Uncorrectable Bit Error Rate (UBER) or Nonrecoverable Read Errors (NRE) is the other important factor that hurts HDDs in RAID environments. The UBER (or NRE) represents how often a disk will be unable to correctly return a requested sector. These values are reported in terms of undeliverable sectors per bits read. For enterprise capacity HDDs, UBER is 1 sectors per 10^15 bits read; for enterprise performance HDDs, it jumps to 1 sector per 10^16 bits read; Data Center SSDs are 10 times better than that with 1 sector per 10^17 bits read. With RAID 1 mirroring or RAID 5 striping with parity, encountering an UBER event results in a whole in the rebuilt data on the new drive. The point of RAID 6 is to minimize the likelihood of that. RAID 6 comes with costs as well, higher redundancy means less capacity for the same spend. RAID 6 write performance with the need to calculate and write two parity blocks suffers compared to RAID 5 with one parity block.

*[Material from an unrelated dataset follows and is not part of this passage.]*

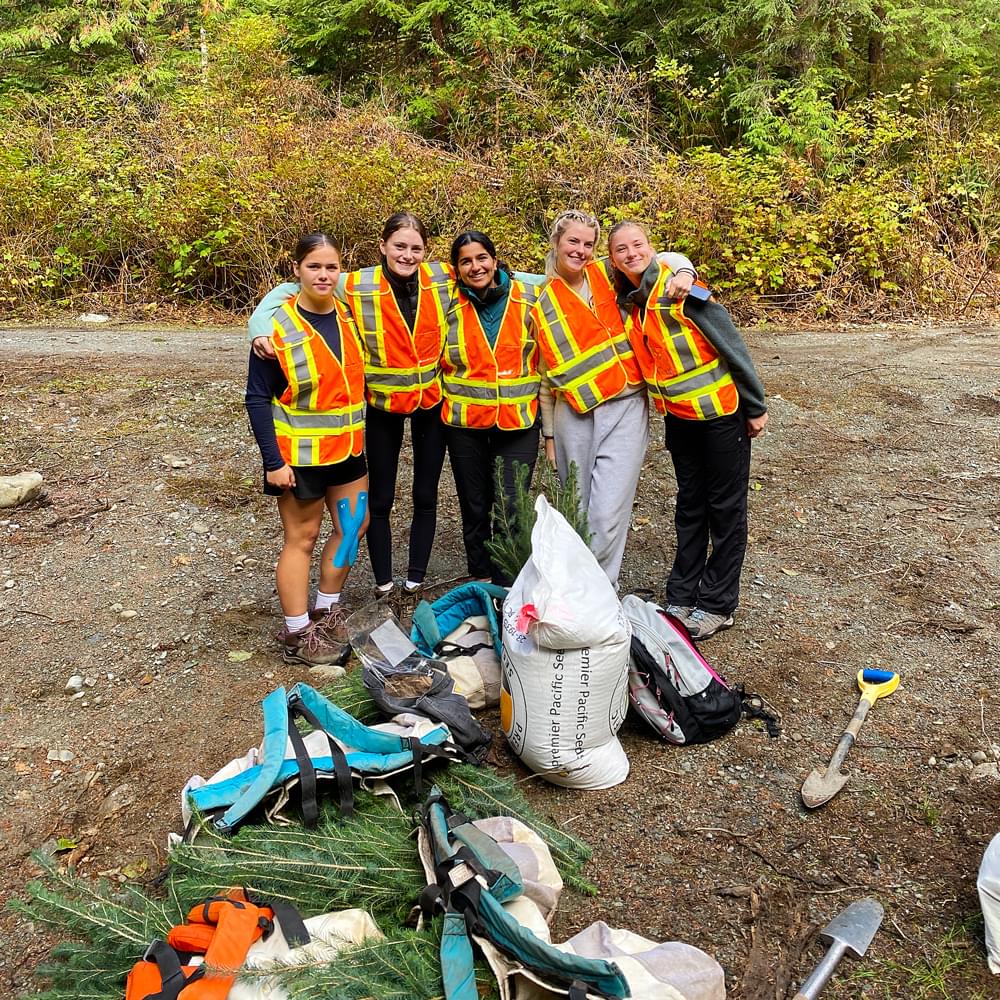 ESS students at tree planting site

Is UBER something that you actually need to worry about? Consider a modest array of (10) 2.4TB performance HDDs would need to read almost 2×10^13 bits meaning that the probability is 0.2% during a single rebuild. That is not terrible but it is not great, either. What is the cost of one lost RAID stripe somewhere in the data which is being recovered? Well, if that were in the middle of a database, for example, it likely means the corruption of the database. And even with less sensitive data, the file system will certainly be impacted by the missing data. If the array is instead (10) 10 TB enterprise capacity drives, that probabilty of data loss jumps to more than 7% and RAID 6 becomes a must. If the array is (10) 2TB SSDs, the probability drops to 0.02% which is much more tolerable. And by the way, if RAID 5 rebuild times with disks might be measured in days, RAID 6 rebuild times with disks might be measured in weeks.

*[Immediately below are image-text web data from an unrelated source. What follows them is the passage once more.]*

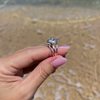 Sterling Silver Tahitian Keshi Pearl Ring Set Size 7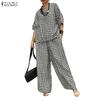 Women 3/4 Sleeve Blouse and Pants Casual Plaid Print Two Piece Suit Sets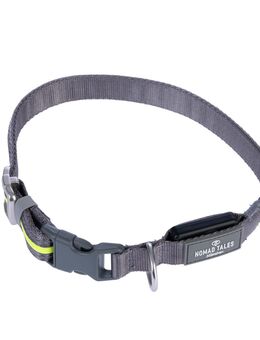 Nomad Tales Spirit USB LED Nylonhalsband, neongelb & grau - Größe S/M: Halsumfang 35-50 cm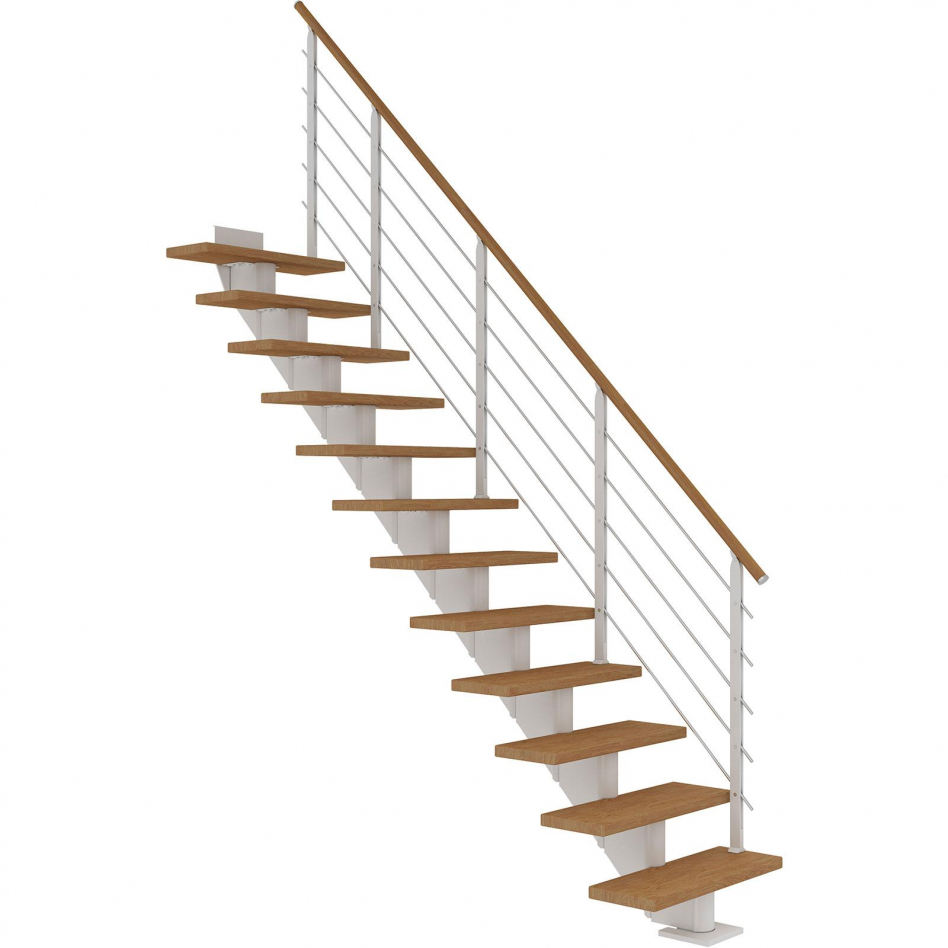 DOLLE Mittelholmtreppe Hamburg, inkl. einseitigem Designgeländer, Design (weiß), 259 cm - 301 cm,75 cm,Eiche, geölt,Geradelaufend Image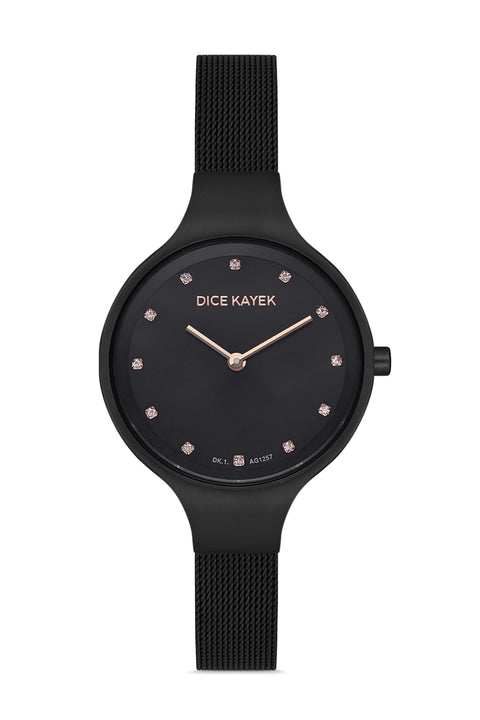 Dice Kayek AG1257.07 women's watch with black dial, black ion-plated case and black stainless steel mesh bracelet – front view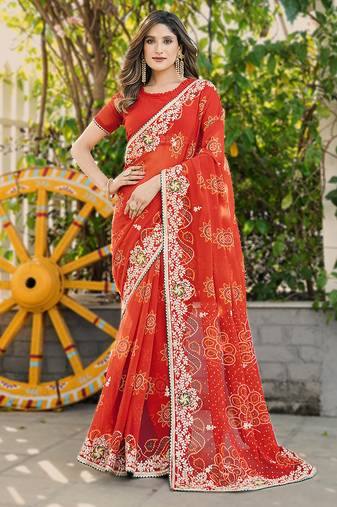 heavy georgette & blooming dull moss fabric with matching blouse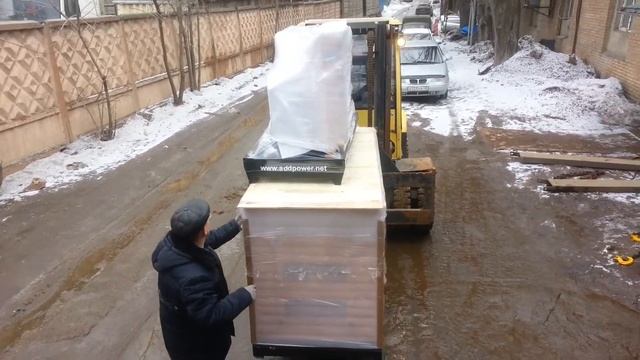 Разгрузка контейнера с дизель генераторами ADD Power. март 2019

Yes. The price of a server with a given capacity of data center SSD storage is certainly going to be higher than designing the same capacity with hard disk drives. How much higher depends somewhat on understanding your data and the endurance demands it is going to place on the Flash storage. For some applications, the higher risk of losing data or much higher impact of performance degradation during rebuild are probably acceptable. For many applications, the higher reliability of SSDs and the much lower impact of SSD RAID events make that decision an easy one. The fact that the SSD RAID is also going to deliver “disk-impossible” performance is a benefit that no user or developer or CIO is going to complain about.
Just found an interesting read at
https://www.storagenewsletter.com/2019/03/14/how-reliable-are-ssds-backblaze/
discussing the relative reliability of SSDs and HDDs.

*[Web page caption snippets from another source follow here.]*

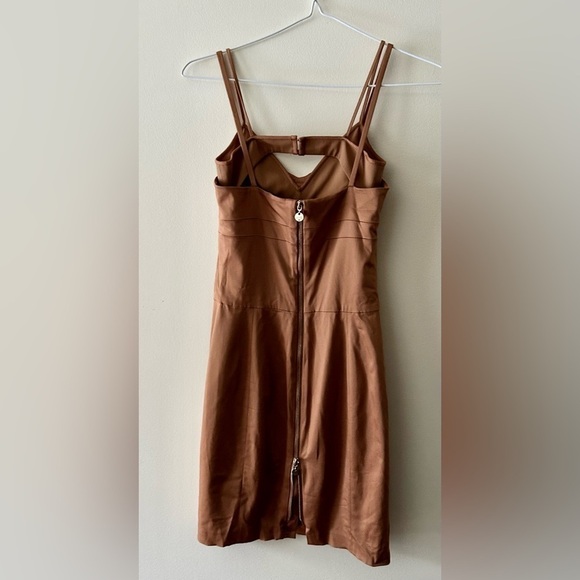 LIU Jo Milano brown mini dress size 40- M corset back zipper bustier - Picture 5 of 16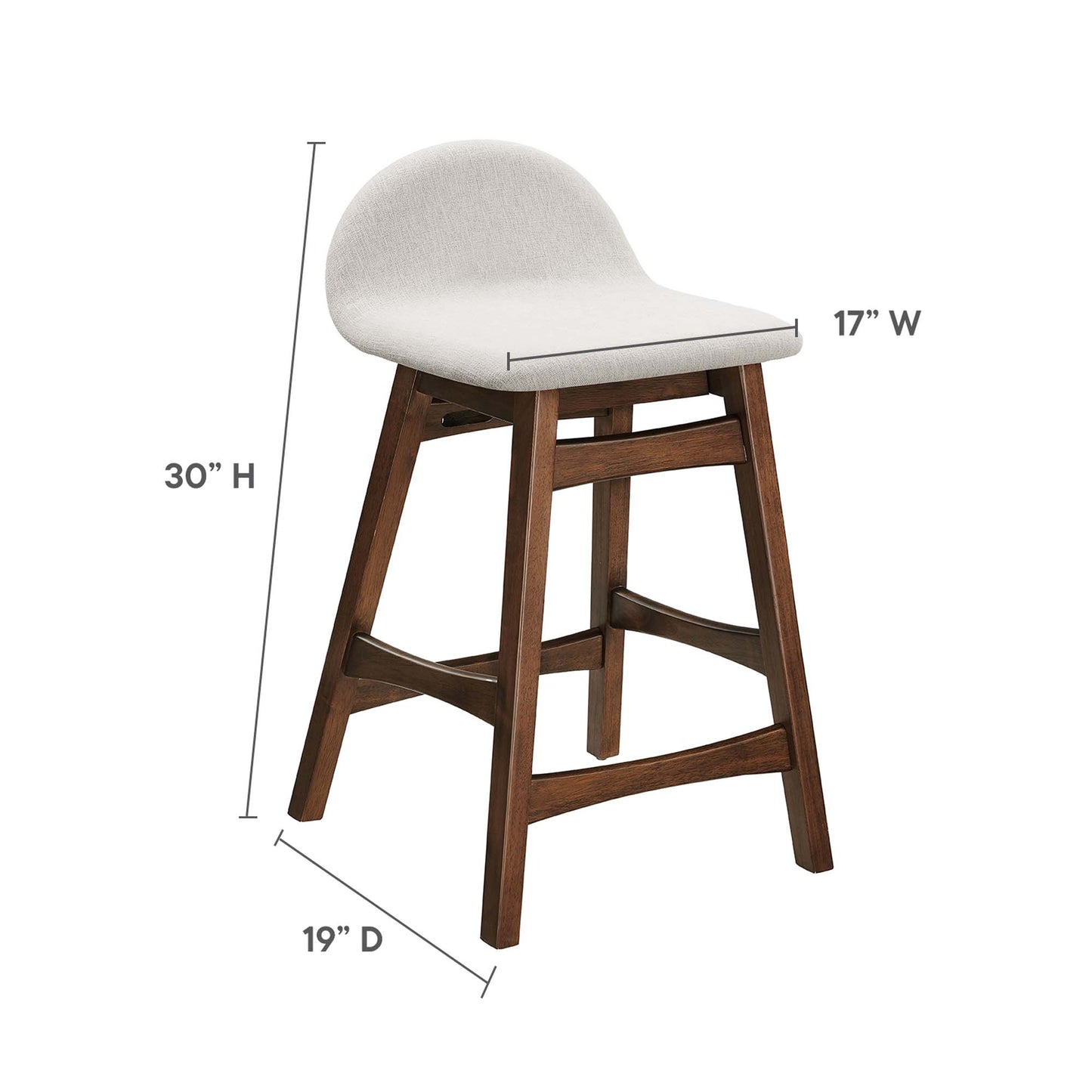 Wood bar stool with light gray upholstered curved back, 17-inch wide seat, 19-inch deep, dark brown legs.
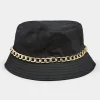 Yours Yours Black Chain Denim Look Bucket Hat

When configuring systems with SSDs, ion always recommends that the SSDs be “over-provisioned”, made to seem a bit smaller, because of the big impact that has on both endurance and random write performance over the life of the drive.
https://www.intel.com/content/www/us/en/products/docs/memory-storage/solid-state-drives/data-center-ssds/over-provisioning-nand-based-ssds-better-endurance-whitepaper.html
backs up that recommendation with both explanation and test data.